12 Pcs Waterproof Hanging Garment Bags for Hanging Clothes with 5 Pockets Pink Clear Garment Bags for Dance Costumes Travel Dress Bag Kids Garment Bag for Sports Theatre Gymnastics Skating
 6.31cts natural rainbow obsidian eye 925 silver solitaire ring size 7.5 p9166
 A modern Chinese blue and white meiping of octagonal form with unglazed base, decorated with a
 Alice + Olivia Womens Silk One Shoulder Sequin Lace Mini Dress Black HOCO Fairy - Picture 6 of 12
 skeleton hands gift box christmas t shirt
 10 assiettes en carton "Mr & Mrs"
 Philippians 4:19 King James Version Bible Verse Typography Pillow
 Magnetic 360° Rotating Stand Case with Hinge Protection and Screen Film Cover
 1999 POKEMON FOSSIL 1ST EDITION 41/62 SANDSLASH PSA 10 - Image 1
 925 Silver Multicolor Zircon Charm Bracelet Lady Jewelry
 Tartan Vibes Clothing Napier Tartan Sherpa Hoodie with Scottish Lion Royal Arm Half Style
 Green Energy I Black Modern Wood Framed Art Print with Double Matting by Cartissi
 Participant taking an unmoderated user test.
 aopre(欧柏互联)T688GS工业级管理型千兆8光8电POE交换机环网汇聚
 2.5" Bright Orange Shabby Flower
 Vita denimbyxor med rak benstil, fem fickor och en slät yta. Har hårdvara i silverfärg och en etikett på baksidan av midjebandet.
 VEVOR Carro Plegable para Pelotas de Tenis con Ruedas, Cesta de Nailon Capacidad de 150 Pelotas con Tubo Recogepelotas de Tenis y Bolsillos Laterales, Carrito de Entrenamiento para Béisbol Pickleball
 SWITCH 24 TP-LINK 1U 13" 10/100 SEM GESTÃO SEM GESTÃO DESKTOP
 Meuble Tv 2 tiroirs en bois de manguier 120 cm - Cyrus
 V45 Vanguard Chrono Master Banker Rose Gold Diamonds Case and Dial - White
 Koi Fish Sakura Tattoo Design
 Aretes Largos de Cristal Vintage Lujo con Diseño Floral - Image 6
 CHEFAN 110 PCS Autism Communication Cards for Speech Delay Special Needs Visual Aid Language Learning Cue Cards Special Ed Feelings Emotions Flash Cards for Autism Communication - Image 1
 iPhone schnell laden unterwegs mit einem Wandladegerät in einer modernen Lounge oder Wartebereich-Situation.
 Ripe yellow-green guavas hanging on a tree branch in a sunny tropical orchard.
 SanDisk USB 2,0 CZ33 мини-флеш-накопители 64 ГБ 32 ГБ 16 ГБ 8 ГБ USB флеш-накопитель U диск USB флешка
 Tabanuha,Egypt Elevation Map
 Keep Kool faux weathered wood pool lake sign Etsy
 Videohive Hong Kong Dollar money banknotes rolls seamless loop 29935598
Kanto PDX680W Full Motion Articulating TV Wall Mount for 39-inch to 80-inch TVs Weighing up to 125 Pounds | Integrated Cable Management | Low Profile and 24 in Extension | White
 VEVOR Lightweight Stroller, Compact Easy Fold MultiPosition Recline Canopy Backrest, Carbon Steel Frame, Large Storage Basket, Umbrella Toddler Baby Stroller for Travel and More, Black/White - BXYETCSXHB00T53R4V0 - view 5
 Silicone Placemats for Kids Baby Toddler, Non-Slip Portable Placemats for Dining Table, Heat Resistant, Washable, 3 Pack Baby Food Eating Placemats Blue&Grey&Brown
○ ○ ○ ○ ○
Your task is to transcribe, with no changes, only the lines of the listing above that lie between the line holding "Participant taking an unmoderated user test." and the line holding "VEVOR Lightweight Stroller, Compact", inclusive.

 Participant taking an unmoderated user test.
 aopre(欧柏互联)T688GS工业级管理型千兆8光8电POE交换机环网汇聚
 2.5" Bright Orange Shabby Flower
 Vita denimbyxor med rak benstil, fem fickor och en slät yta. Har hårdvara i silverfärg och en etikett på baksidan av midjebandet.
 VEVOR Carro Plegable para Pelotas de Tenis con Ruedas, Cesta de Nailon Capacidad de 150 Pelotas con Tubo Recogepelotas de Tenis y Bolsillos Laterales, Carrito de Entrenamiento para Béisbol Pickleball
 SWITCH 24 TP-LINK 1U 13" 10/100 SEM GESTÃO SEM GESTÃO DESKTOP
 Meuble Tv 2 tiroirs en bois de manguier 120 cm - Cyrus
 V45 Vanguard Chrono Master Banker Rose Gold Diamonds Case and Dial - White
 Koi Fish Sakura Tattoo Design
 Aretes Largos de Cristal Vintage Lujo con Diseño Floral - Image 6
 CHEFAN 110 PCS Autism Communication Cards for Speech Delay Special Needs Visual Aid Language Learning Cue Cards Special Ed Feelings Emotions Flash Cards for Autism Communication - Image 1
 iPhone schnell laden unterwegs mit einem Wandladegerät in einer modernen Lounge oder Wartebereich-Situation.
 Ripe yellow-green guavas hanging on a tree branch in a sunny tropical orchard.
 SanDisk USB 2,0 CZ33 мини-флеш-накопители 64 ГБ 32 ГБ 16 ГБ 8 ГБ USB флеш-накопитель U диск USB флешка
 Tabanuha,Egypt Elevation Map
 Keep Kool faux weathered wood pool lake sign Etsy
 Videohive Hong Kong Dollar money banknotes rolls seamless loop 29935598
Kanto PDX680W Full Motion Articulating TV Wall Mount for 39-inch to 80-inch TVs Weighing up to 125 Pounds | Integrated Cable Management | Low Profile and 24 in Extension | White
 VEVOR Lightweight Stroller, Compact Easy Fold MultiPosition Recline Canopy Backrest, Carbon Steel Frame, Large Storage Basket, Umbrella Toddler Baby Stroller for Travel and More, Black/White - BXYETCSXHB00T53R4V0 - view 5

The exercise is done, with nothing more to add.